上演7 池田高校 世界の謎ともうひとつ(既成)
●今大会、唯一の既成脚本。脇町高校の「会議」が翻案扱いだったので、既成はこれ一つ。徳島は創作脚本率が法外に多いのだが、顧問創作はともかく、正直生徒創作は辛いのが多い。あえて、創作でなくても優れた既成脚本をやるのも十分意味があると思うのだが。もっとも既成脚本の選択には結構罠があり、どうしようもない脚本を選ぶのはまあ、そもそもアウトだが、自分たちの演出力、演技力とちょっとレベルが違う作品を選んだときもなかなかに難しい。レベルがあったときが最も成果が上がるが、まあそんなことはなかなか判断できませんからね。ともあれ、生徒だけでやっている部活、既成脚本のいいなーとちおもう脚本をやるのもいい選択肢だと思いますよ。

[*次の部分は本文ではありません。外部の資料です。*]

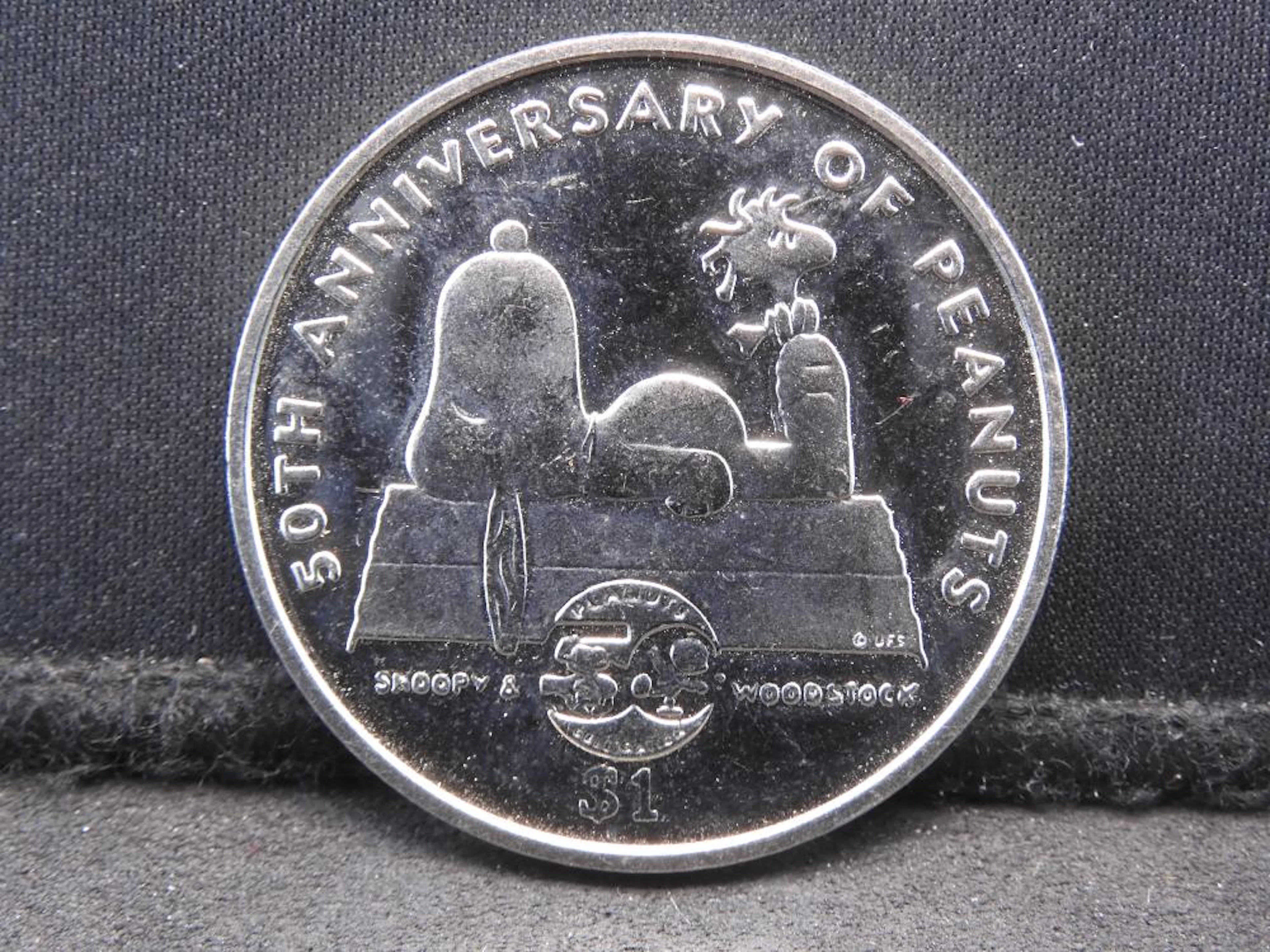 Medal - Snoopy & Woodstock - 50th Anniversary of Peanuts - 2000 NIUE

●で、もって選んだこの脚本。クイズ選手権を場として、題名にもあるもう一つという人間の生き方はなんだろうよという結構おおきな問題を疾走感とテンポでなんだかうやむやに納得させるような脚本。うーん、そんなことではちょっとねと言いたいですが、それはともあれ。

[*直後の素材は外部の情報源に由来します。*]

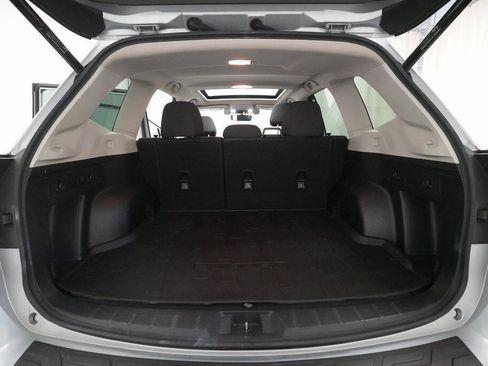 Used 2020 Subaru Forester Premium image 10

●で、そういうことは、脚本レベルであって作品としては別で、ようは疾走感がまずはなくてはならない。とりあえずクイズの臨場感ですか。演技的に言えば全体的に発声に変なリズムがあってテンポと疾走感を邪魔する。リアクションがあまりよくなくてちょっとなんだか。台詞の出し方も変なリズムがある。語尾が上がる。台詞のラストが下がる。二音節めが上がる。よくあるパターンだが集積すると結構辛い。全体的にテンポと疾走感を殺してしまう。
●えーと、台詞を言うとき、片足が浮いている方がいました。基本的にはこういう姿勢は自信がない時に出てくるのですが、気になりますね。どうらーせよと言われても困るのですが、きっちりたつのは意外と難しいと言うことです。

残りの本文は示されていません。